At Least We Ate Lunch Beforehand
September 13, 2005 on 11:37 am | In Foobars, Updates by nate |Hey everybody! So, yeah, yesterday was exciting.
I’ll give you a little timeline/rundown on what-happened-when yesterday. But to generally describe the problems:
Beyond the obvious LA DWP screwup, and the building generator screwup (more word on exactly what that was soon), there are some non-trivial problems when all of your stuff shuts down. The biggest is that when any group of computers is unexpectedly powered off, a small percentage don’t come back up. When you’re talking about a few hundred servers, a small percentage becomes a significant number!
You do also have to be somewhat careful how quickly you power things up, because a popped breaker is just about the last thing you want.

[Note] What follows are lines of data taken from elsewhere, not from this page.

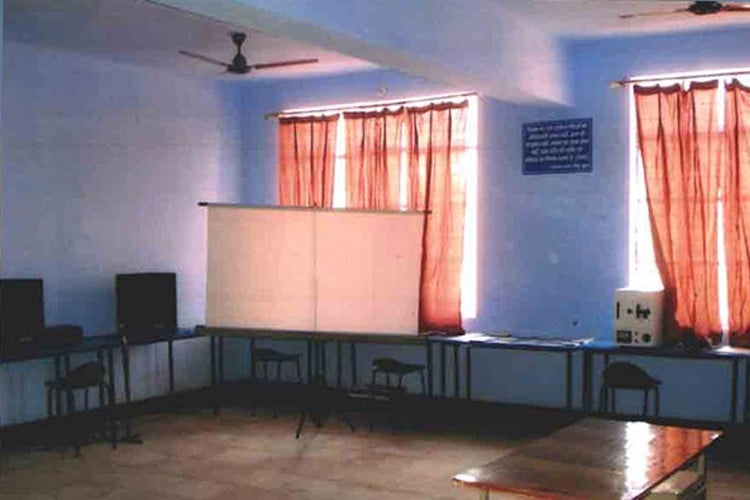 Vansh Higher Education Institute, Dholpur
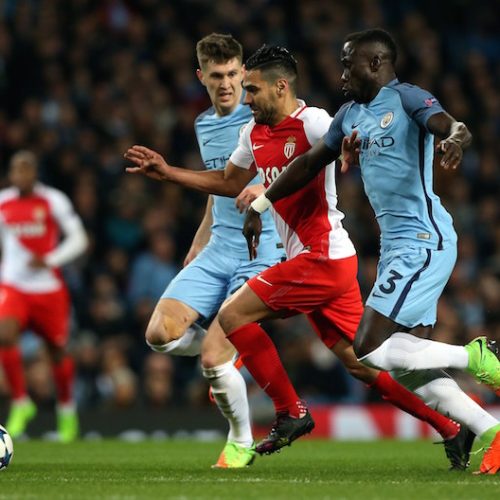 SuperBru: City set for tough Monaco battle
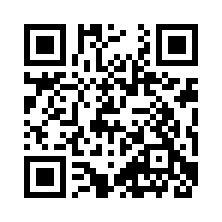 QR Code for 1K6cXkYEXGYELFoTTyrZcnvwyPy6bPLitj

11:45 Went to lunch at sushi place on Flower St.
12:30 BLACKOUT! We’re walking back and see streetlights out, office tower generators starting up. Our building’s UPS kicks in, generator is running (we can see the smoke from our office).

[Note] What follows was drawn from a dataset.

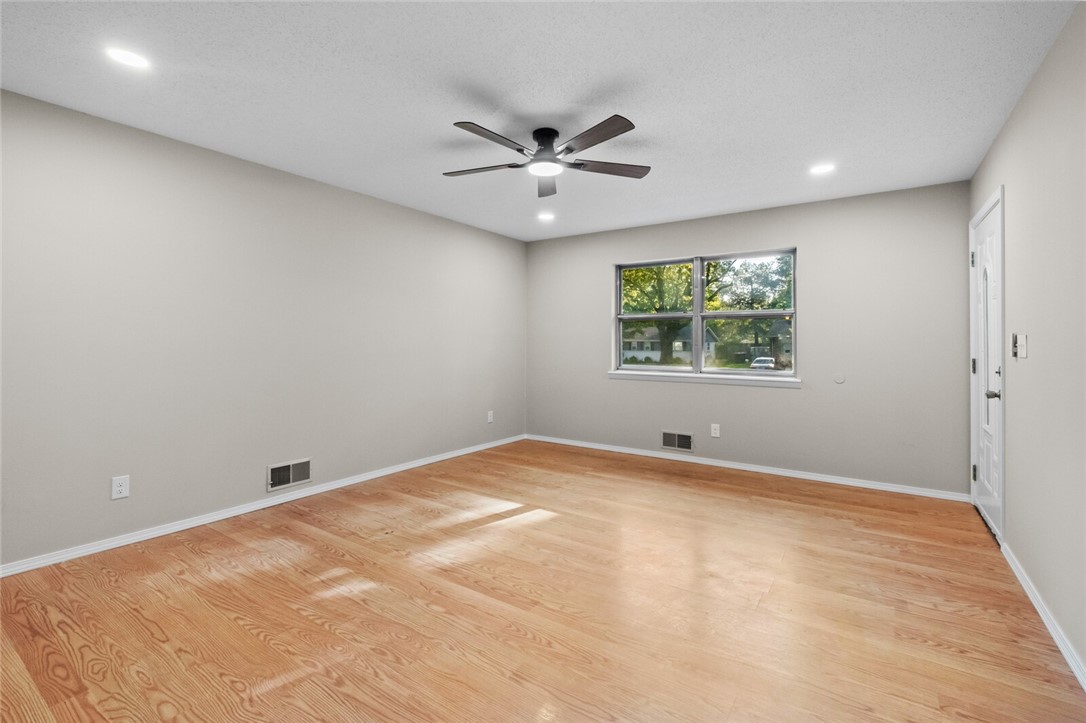 Dandys Add - Residential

12:45 My idiotic blog post.
12:46 Building evacuated, our upstream providers are down although our servers are still powered up.
1:00(ish) UPS depleted, generator fails, power is down.

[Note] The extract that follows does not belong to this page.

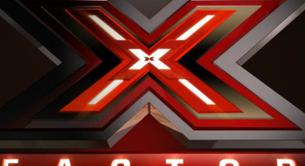 Crean un curso para superar los cástings de 'X Factor'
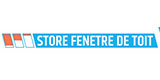 Codes Promo Store-fenêtre-de-toit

1:45 Jason, our datacenter manager, bullies his way in with me while building is still evacuated.
2:00-3:30 We plan for all the fun stuff that happens when the power comes on. Upstreams come back up, although now our servers are down.
3:45 Datacenter power back on, we start powering up cabinets slowly.
4:15 Most of our public network up, firewall busted, private network down (which means our monitoring system is down, Dreamhost site down, Web Panel down. Our blog is up because it’s just on a normal shared hosting account.)
5:00 Big problems come first: File server replaced, firewall being feverishly worked on, 3 public cabinets (out of 40) still down due to switch problems.
6:00 Firewall fixed (which lets us quickly identify continuing problems via monitoring system).
6:30 All public cabinets up, individual machines/services still wonky. Web panel, etc up.
6:30-midnight: Fixing individual servers/services. Some weird Web Panel redirection loop errors fixed. Webmail login errors fixed.
I do have to say, walking around and seeing aaaaaall our servers powered down and quiet was pretty creepy. I’ve been here for a long time, and seen plenty of nasty problems, but this one was particularly freaky.
We would have liked to have something like the above being posted live, but we were literally running and yelling and typing as fast as we physically could from 3:45 to midnight.
We are, of course, already digging into the issue of why power was ever out in this supposedly-very-prepared building in the first place. We’ve had grid outages before and never noticed a blip. There are LOTS of other internet companies in this building (including a bunch of other shared hosting folks) so yeah, we’re all pretty much going crazy about how badly the building handled things. We’ve always been told there are HOURS (not half-hours) of UPS capacity and that the generators are regularly tested and well-maintained.
Also, I bought a lottery ticket on a Red Bull run. I figure karma might balance things out . Keep your fingers crossed.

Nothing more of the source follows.